Data excerpts
•••••

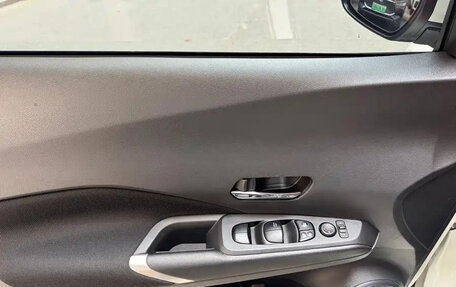 Nissan Kicks I, 2022 год, 1 300 000 рублей, 11 фотография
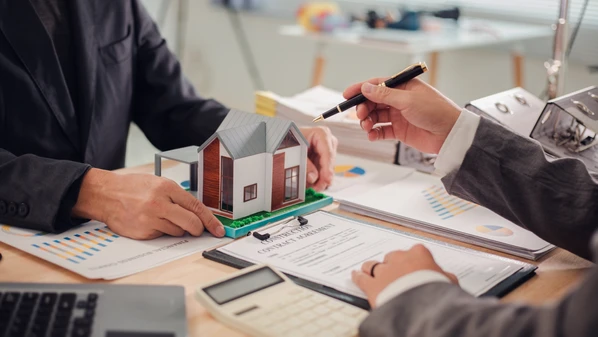 Nesse contexto, o imóvel se consolida como um instrumento clássico e estrutural de preservação de riqueza, especialmente quando comparado a aplicações financeiras mais sensíveis a choques macroeconômicos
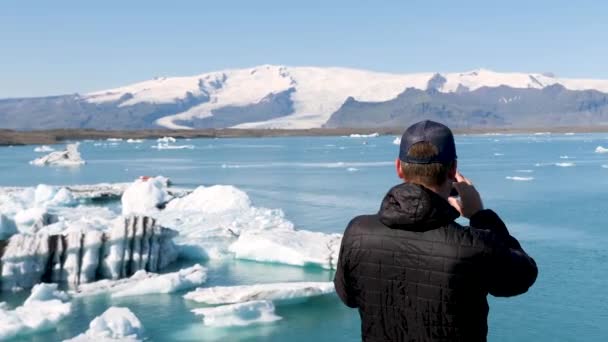Jokulsarlon Ισλανδία Απριλίου Άνθρωπος Που Βλέπει Λιμνοθάλασσα Του Παγετώνα Jokulsarlon — Αρχείο Βίντεο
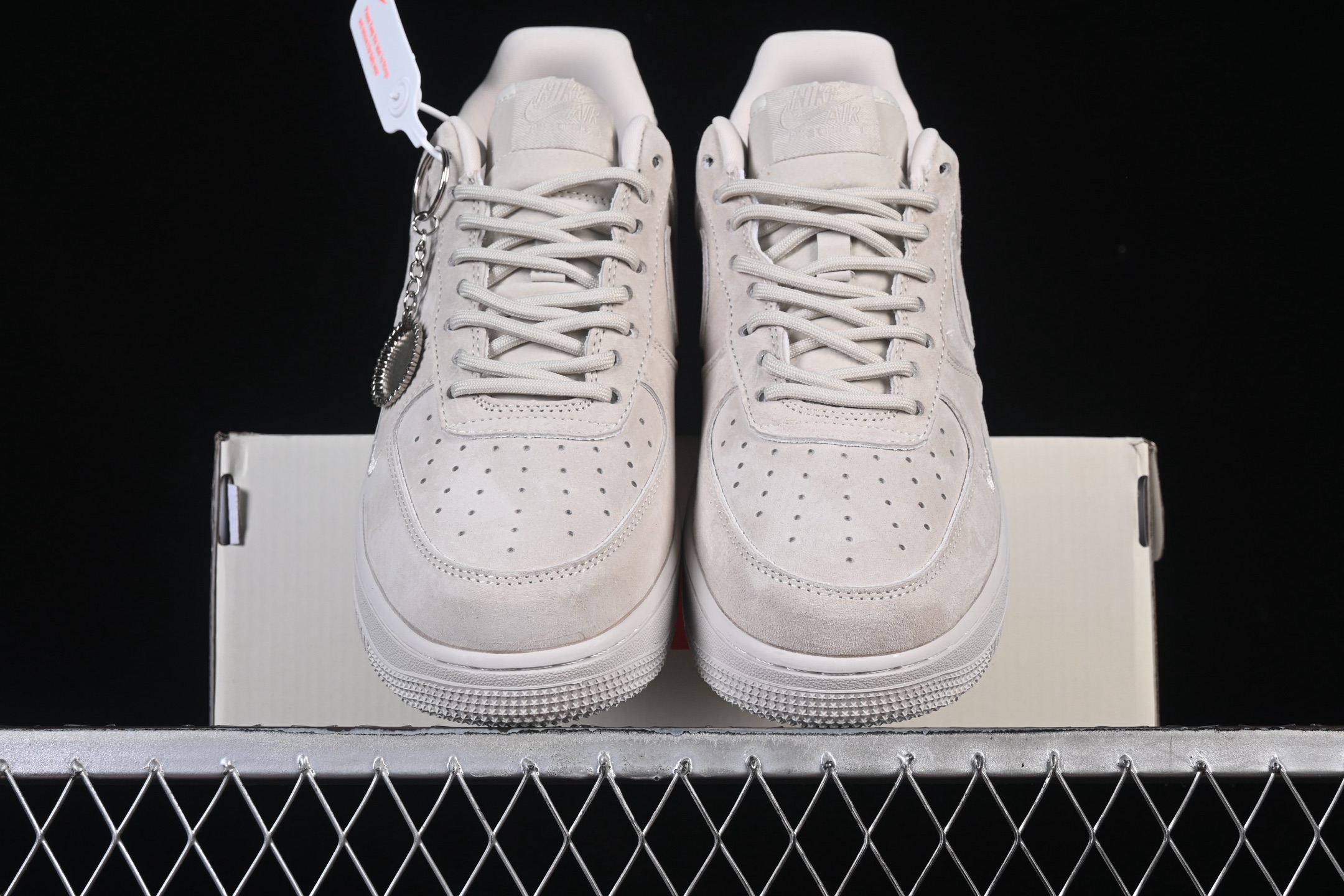 💰280纯原
 Nike Air Force 1'07 Low Supreme联名 全猪八 空军一号低帮休闲板鞋 DF0188-116
#原楦头原纸板 原装鞋盒 定制五金配件 内置全掌气垫 原厂鞋底
尺码：36 36.5 37.5 38 38.5 39 40 40.5 41 42 42.5 43 44 44.5 45 9.D4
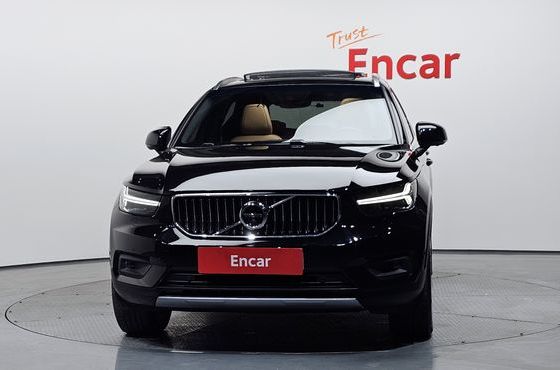 Volvo XC40 B4 Inscription — пробег 38 236 км — фото 3 из 5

•••••

__Problem statement__.
The records shown above are to be repeated exactly, with the pictures left out.

__Problem solution__.
 Nissan Kicks I, 2022 год, 1 300 000 рублей, 11 фотография
 Nesse contexto, o imóvel se consolida como um instrumento clássico e estrutural de preservação de riqueza, especialmente quando comparado a aplicações financeiras mais sensíveis a choques macroeconômicos
Jokulsarlon Ισλανδία Απριλίου Άνθρωπος Που Βλέπει Λιμνοθάλασσα Του Παγετώνα Jokulsarlon — Αρχείο Βίντεο
 💰280纯原
 Nike Air Force 1'07 Low Supreme联名 全猪八 空军一号低帮休闲板鞋 DF0188-116
#原楦头原纸板 原装鞋盒 定制五金配件 内置全掌气垫 原厂鞋底
尺码：36 36.5 37.5 38 38.5 39 40 40.5 41 42 42.5 43 44 44.5 45 9.D4
 Volvo XC40 B4 Inscription — пробег 38 236 км — фото 3 из 5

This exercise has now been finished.